Bishop Allyson Abrams (left) and transgender activist Ruby Corado (right) at Empowerment Liberation Cathedral. They are partnering on a new expansion of Casa Ruby in Southeast.

Armando Trull / WAMU

Ruby Corado looked around the joyous party in the living room of a split-level apartment in Langston Terrace, and her heart broke.

The director of Casa Ruby was at one of the country’s oldest federally funded government housing projects to celebrate. One of her daughters, a member of the large LGBTQ family that Corado has unofficially adopted, had just graduated from high school.

After the ceremony at Ballou High School, “the whole gay neighborhood came to the house,” Corado says. “I saw all these kids—some of them that I had never seen before in Casa Ruby. Gay kids that I have never seen, and I know a lot of people! When I started talking to them, they said ‘We don’t go nowhere.’ They get bullied. They get harassed.” 
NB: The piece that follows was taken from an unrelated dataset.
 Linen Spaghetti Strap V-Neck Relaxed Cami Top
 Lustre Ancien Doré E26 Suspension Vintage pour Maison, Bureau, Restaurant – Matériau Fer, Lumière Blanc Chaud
Corado is a legend in D.C. The city’s most prominent transgender activist opened a small bilingual drop-in center in 2012. Today, she oversees a 20,000 square foot, 24/7 center in Shepherd Park that provides a drop-in center, HIV testing, immigration services, support for victims of violence, and emergency housing services, along with a network of homes that serve homeless LGBTQ youth and adults (43 percent of homeless youth in D.C. identify as LGBTQ, according to a 2015 study). Casa Ruby now employs 68 people and serves about 100 clients a day. They prepare 4,000 meals a month.

“I honestly thought I was doing the work, and then I see this population being underserved and living in horrible conditions, and I thought I have to come here,” Corado says. “So many of them don’t even know about Casa Ruby. Or they can’t even get on the bus. If you’re going back and forth, that’s $5 for a young kid coming out and living in poverty … They come once or twice a week, or once a month. I want them every day. I want to support them every day. I realize they’re not coming every day because we are in Northwest. I want to remove that barrier. I want to go to them.” 

She says she’s long wanted to open a space in Southeast, but the graduation party in June gave her a sense of urgency.

Within a few months, Corado had already secured the promise of a home in Congress Heights that is owned by a friend. But after a current funder offered to support the venture, Corado is thinking bigger. 

She has a bank loan. She has partners. She has a self-imposed deadline of March. She even has the name picked out: the Southeast DC LGBTQ Community Wellness Center. Now, Corado is just looking for the right space—one that is at least 5,000 square feet—to serve around 200 people a month. 

“The difference between now and March is how big the center is going to be,” she says. After making an announcement about her plans on Facebook, Corado says she has heard an outpouring of gratitude and excitement: “I know it’s not going to be small.” 

Bela Muney needed to leave the area to get help. Born in D.C. General when it was still a hospital, she spent her early childhood in Southeast and returned in her early thirties, living in low-income housing near Barry Farm for four years. She transitioned during that period and struggled with a drug addiction.

“Southeast is nowhere for you to be trans. There’s no resources, there’s no help for you there,” says Muney, who now lives with Corado and works on Casa Ruby’s external affairs team. “That’s why it’s going to make a tremendous, tremendous impact.” 

Corado says the project will be in partnership with the Empowerment Liberation Cathedral, which describes itself as a “radically inclusive, LGBTQIA celebrated congregation.” The church, helmed by Bishop Allyson Abrams, is bringing mental health services to Casa Ruby starting in February and to the space in Southeast once it opens. At the wellness center,  Corado will focus on violence and HIV prevention.

“I don’t want these kids to grow up getting bullied. I intend to be in the neighborhood,” she says. Corado also has a city contract to do HIV testing and case management.

Of the more than 13,000 people living with HIV in the city—a level that exceeds the definition of an epidemic—people of color are disproportionately affected: 4.4 percent of African-American men, 2.1 percent of Hispanic men, and 1.9 percent of African-American women, according to the latest city statistics. The numbers are even more staggering for transgender women; a 2015 report estimated that 20 percent are living with HIV.

While the city has seen significant successes in recent years, there was an alarming increase in the number of young people diagnosed with HIV. Of new diagnoses in 2017, 41 percent were between the ages of 13 and 24—double the national rate.

“Hundreds of youth are going without services in Southeast,” Muney says. “They’re not going to doctors appointments, they don’t know their status, they don’t know that they can get tested and there’s a safe space and no judgement. They don’t know they can be themselves.”  

And that, she believes, will be the center’s most important role: as a haven.

“There was nothing like this growing up for me or my friends. We didn’t have a place like Casa Ruby, where we could just sit in the drop-in center and feel free. We literally had to hide who we were,” Muney says. “That’s the biggest key factor. They don’t have to hide who they are in a space of their own, where people are like them every day.”